There were some inconsistencies in the behavior of the extfilter framework that
stemmed from its origins in the exclusion option -x
. These inconsistencies
have been resolved and extfilters now work correctly. Unfortunately, this also
means that the meaning of several filters has changed, particularly the size
filters. The -X size[+-=]
option now includes by the specified size criteria,
rather than excluding, which will cause problems with existing shell scripts.
It is extremely important that any shell scripts currently using the size
extfilter be revised to take the new meaning into account. Use jdupes -v
output in your script to do a version check if needed.
If a file was added through recursion and also added explicitly, that file would end up matching itself. This issue can be seen in v1.14.1 or older versions that support single file addition using a command like this in the jdupes source code directory:
/usr/src/jdupes$ jdupes -rH testdir/isolate/1/ testdir/isolate/1/1.txt testdir/isolate/1/1.txt testdir/isolate/1/1.txt testdir/isolate/1/2.txt
Even worse, using the special dot directory will make it happen without the -H option, which is how I discovered this bug:
/usr/src/jdupes/testdir/isolate/1$ jdupes . 1.txt ./1.txt ./2.txt 1.txt
This works for any path with a single dot directory anywhere in the path, so it has a good deal of potential for data loss in some use cases. As such, the best option was to shove out a new minor release with this feature turned off until some additional checking can be done, e.g. by making sure the canonical paths aren't identical between any two files.

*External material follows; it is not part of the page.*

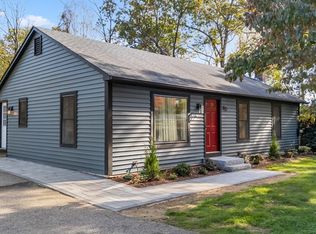 89 River Rd, Sturbridge, MA 01566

A future release will fix this safely.
The biggest reason is raw speed. In testing on various data sets, jdupes is over 7 times faster than fdupes-1.51 on average.
jdupes provides a native Windows port. Most duplicate scanners built on Linux and other UNIX-like systems do not compile for Windows out-of-the-box and even if they do, they don't support Unicode and other Windows-specific quirks and features.
jdupes is generally stable. All releases of jdupes are compared against a known working reference versions of fdupes or jdupes to be certain that output does not change. You get the benefits of an aggressive development process without putting your data at increased risk.
Code in jdupes is written with data loss avoidance as the highest priority. If a choice must be made between being aggressive or careful, the careful way is always chosen.
jdupes includes features that are not always found elsewhere. Examples of such
features include block-level data deduplication and control over which file is
kept when a match set is automatically deleted. jdupes is not afraid of
dropping features of low value; a prime example is the -1
switch which
outputs all matches in a set on one line, a feature which was found to be
useless in real-world tests and therefore thrown out.
While jdupes maintains some degree of compatibility with fdupes from which it was originally derived, there is no guarantee that it will continue to maintain such compatibility in the future. However, compatibility will be retained between minor versions, i.e. jdupes-1.6 and jdupes-1.6.1 should not have any significant differences in results with identical command lines.
If the program eats your dog or sets fire to your lawn, the authors cannot be held responsible. If you notice a bug, please report it.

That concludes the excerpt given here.